I figured out why I seemed to be so blocked on the scenes I'm rewriting: Lack of information! Since these things came out of nowhere, they weren't elements I'd researched, and when I tried to just make stuff up without a factual foundation, it was lifeless. Fortunately, I had some of the key references for one of the subjects among my texts for my journalism history class (thank you, Dr. Olasky! You never know what from your college coursework will end up being vital in your actual work), and those directed me to a few other things that I might be able to get via Project Gutenberg. Then I guess I'll have to make a downtown library trip next week. Oh, and I've added a book to my year in reading total, which may bring the classics up higher in the genre list and which ups my total of work-related reading.
Since I work for myself, I don't have to go through the usual annual review, but I do like to take stock of the year and set goals and plans for the coming year.
I don't feel like I have that much to show for this year, but there was some groundwork laid that may come to fruition early next year. I spent about half the year working on a book that is currently backburnered and the other half of the year working on a proposal that's currently on submission. Even without selling a new book, I think once I add up my income and subtract expenses, I may have come close to earning what I did in my old job, thanks to movie option renewal, foreign sales on old books and royalties.
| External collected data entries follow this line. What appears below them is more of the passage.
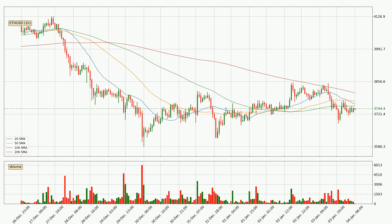Looking at the hourly simple moving averages, the current price is below all of the simple moving averages, which looks bearish. You should keep an eye on the closest SMA — the 100 SMA will play as resistance, or the price will peak above it, which is around 3,755. Important to note is that the price is currently below the 200 SMA, which can play as a strong resistance. However, breaking it decisively to the upside will signal a potential big move up.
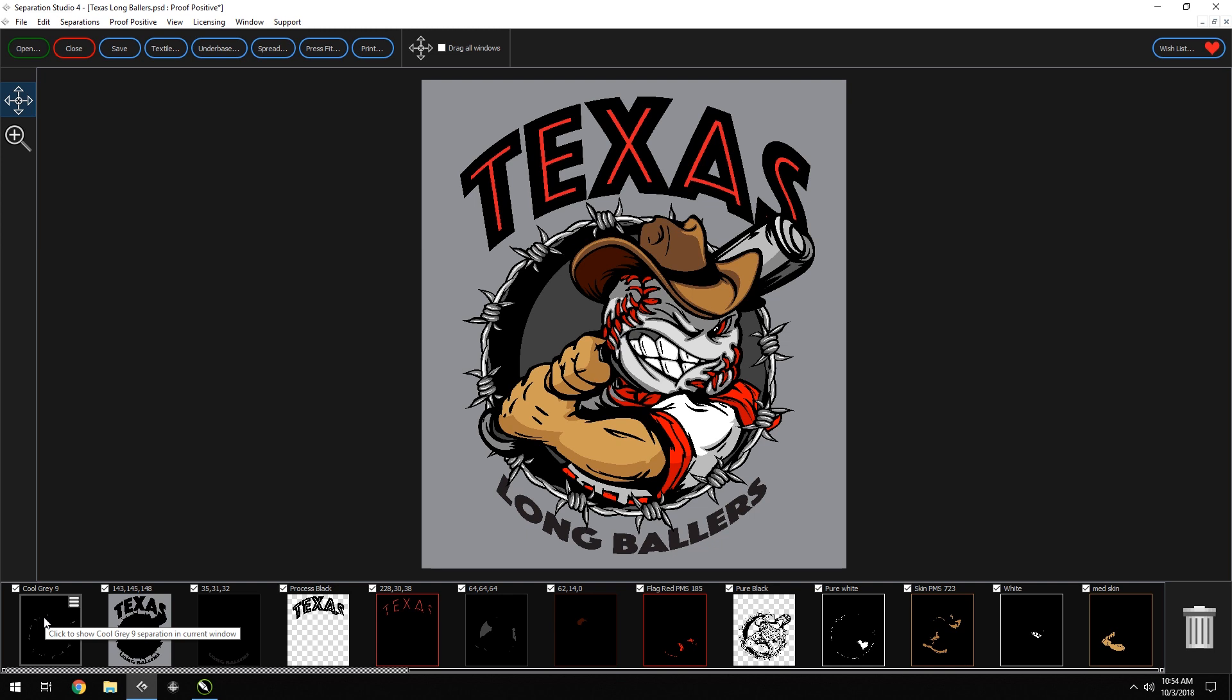Merging these colors is as easy as dragging and dropping them onto each other, or combining them in press fit. First, let's start by merging our blacks.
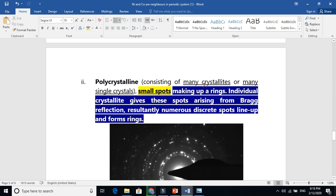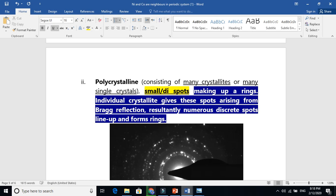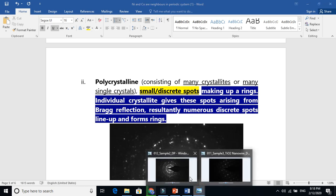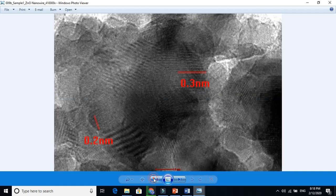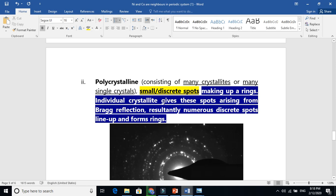Polycrystalline consists of many crystallites or many single crystals. The small discrete parts make up a ring, because each discrete part comes from an individual single crystal. From every single crystal there is one reflection — like reflections from individual mirrors. Individual crystallites give these parts arising from Bragg's reflection. Resultantly, numerous discrete parts line up to form rings.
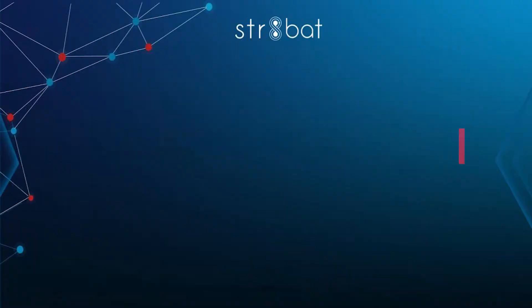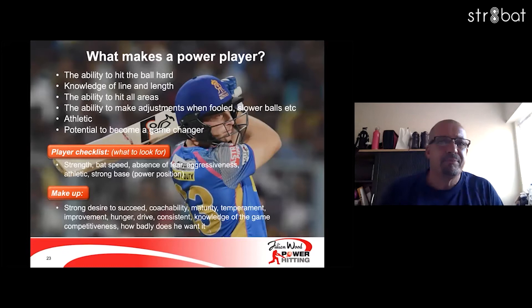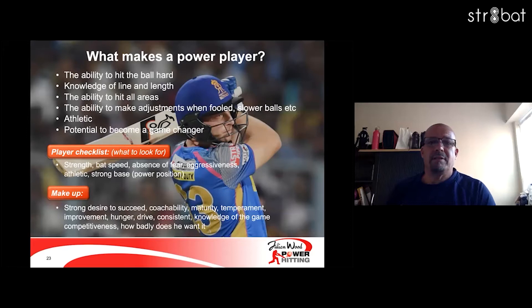What makes a power player? Obviously the ability to hit the ball hard, knowledge of line and length, the ability to hit all areas, the ability to make adjustments when facing slow balls, etc. Got to be athletic and have the potential to become a game changer. So as a checklist, this is what I look for.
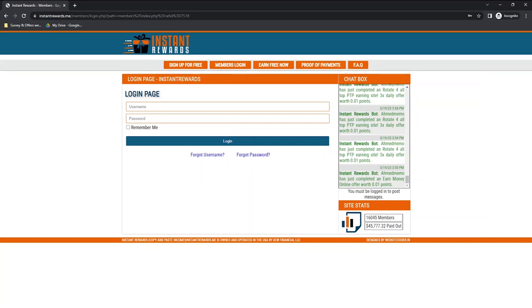Is Instant Rewards a legit way to earn some extra cash? The answer is yes, and in today's video, we will have an inside look at this website. I will also withdraw a payment via PayPal and then show you my payment proof.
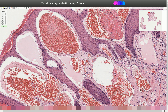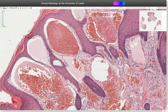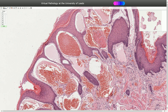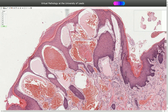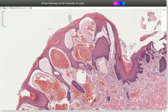We can also see reactive epidermal changes characterized by acanthosis, hyperkeratosis, and elongation of rete ridges around the ectatic blood vessels — so-called collarette — and that is also quite characteristic for angiokeratoma.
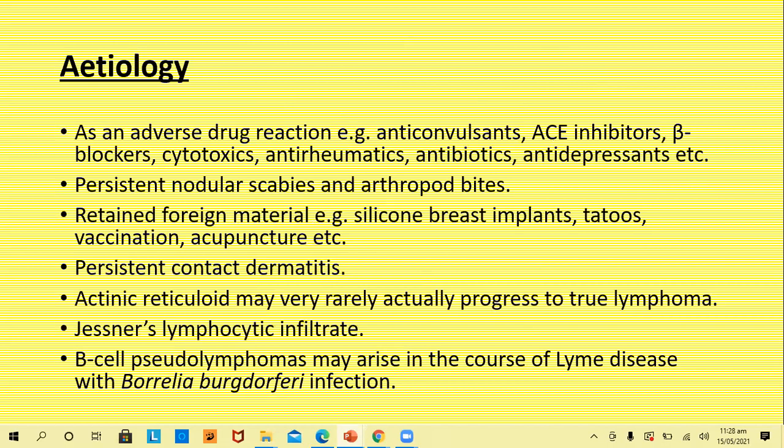Etiology: adverse drug reactions — for example, anticonvulsants, ACE inhibitors, beta blockers, cytotoxics, antirheumatics, antibiotics, and antidepressants — can all cause a skin reaction leading to pseudo-lymphomas. Then persistent nodular scabies and arthropod reactions, retained foreign material like silicone breast implants, tattoos, vaccination areas, and acupuncture. Persistent contact dermatitis and actinic reticuloid may very rarely progress to true lymphomas.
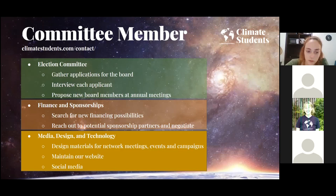We're also looking for a media, design, and technology committee, which will create materials for our network meetings, events, and campaigns — including graphic materials and texts. They will maintain our website in connection with the board, help put content on the website, make suggestions for the website, and handle social media work.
My work goal is to really intensify the writing output. I don't currently need to market anything, so most of my work time should be spent on writing. I'm determined to sell something new next year, so I'll have to keep writing on new projects until I find the one they want.
Personally, this was a decent year. I spent the summer doing physical therapy on a bad shoulder, I taught Vacation Bible School for the first time, and I started co-directing a kindergarden choir. I traveled to Denver and came back by train on my first really long-distance train trip. I got to meet one of my writer idols. I really expanded my cooking repertoire and started a cooking blog that I haven't been very good about updating. I experienced eggplant for the first time and have explored the neighborhood Indian markets.
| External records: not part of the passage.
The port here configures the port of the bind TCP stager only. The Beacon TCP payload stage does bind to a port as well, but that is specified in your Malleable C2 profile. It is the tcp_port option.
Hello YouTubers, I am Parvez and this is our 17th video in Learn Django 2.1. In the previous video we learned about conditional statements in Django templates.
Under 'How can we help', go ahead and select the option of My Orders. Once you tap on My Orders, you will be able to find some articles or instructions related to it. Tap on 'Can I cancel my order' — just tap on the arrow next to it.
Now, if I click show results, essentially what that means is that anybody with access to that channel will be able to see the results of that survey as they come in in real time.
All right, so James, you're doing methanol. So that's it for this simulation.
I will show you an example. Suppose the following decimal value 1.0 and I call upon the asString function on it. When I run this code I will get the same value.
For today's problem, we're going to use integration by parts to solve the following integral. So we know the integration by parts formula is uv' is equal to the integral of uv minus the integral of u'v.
I suspect my personal goals for the year will be about the same ones I always make. I really do want to get my house, and especially my office, organized. I'm not sure how to go about it, though. I've tried all kinds of methods and organizational systems, and nothing has stuck. I did have some success with the Flylady system, where you do little bits each day, with reminder e-mails, and very gradually declutter the whole house while creating new habits and processes to keep it clean. I lasted about a year with that back in 2002-2003 and got and kept the house in pretty good shape, but I also got almost no writing done during that time, and once I did start really writing (the first draft of what became Enchanted, Inc.), it all fell apart. I also got tired of all the sappy inspirational e-mails that come with all the e-mail reminders of what tasks to do. I tried taking the Clean Sweep approach to my office, emptying it entirely into boxes and then sorting through those boxes to put everything back. Most of the stuff is still in those boxes because I got busy before I finished, but I can't just throw away the boxes because I keep having to dig through them, looking for stuff. I've tried the 43 folders approach to organizing things to deal with, since most of my mess is work or business-related paper clutter, and getting that under control would instantly improve most of my house, but that seems to languish after about a week (I forget to check the daily folder or keep moving things to future folders). I tried dividing the house into zones and tasks that could be done in a short amount of time, and that failed after about two weeks. I would say that I need a deadline, like throwing a party, but deadlines are largely why my office is in the state it's in, after everything from the rest of the house gets tossed in there to hide it. When I try to do a little each day, I get discouraged from not seeing enough progress and give up. When I try to do it all at once, it's more than I can tackle, I get overwhelmed and give up.
Mind you, we're not talking Hoarders material here, except maybe in the office, which is totally out of control and has spilled into other rooms. It's just a case of someone who's used to moving every three years spending nearly 13 years in the same house. I normally do that clean/sort/purge thing when I move and don't have the habits for doing it while in the same house. If you have any systems or ideas that you think might help, I'm open to suggestions. What I may do is try to come up with some kind of point system and related rewards for the early days, when there's not a lot of visible progress. I need to sort out and set up my filing cabinet so there will be a place to put everything else, for instance, and that's not the kind of thing you can look at with a sense of accomplishment that encourages you to keep going. Maybe I'll embarrass myself by posting photos and then use the general public to hold me accountable to finishing the project this time around. I feel like everything else will just fall into place once the house is in order. That may be overly optimistic (Mr. Right will not just appear on my doorstep once my house is the way I want it), but I do think it would save me time and make my work more productive.
There are a few other things I want to try this year, but that will all depend on what deadlines come up and what my work schedule will be. I want to be more physically active because that helps with the work, and I want to keep expanding my horizons in general because that also helps with the work. I'm giving myself permission to be a workaholic this year, but there's a lot of stuff beyond just typing that counts as "work."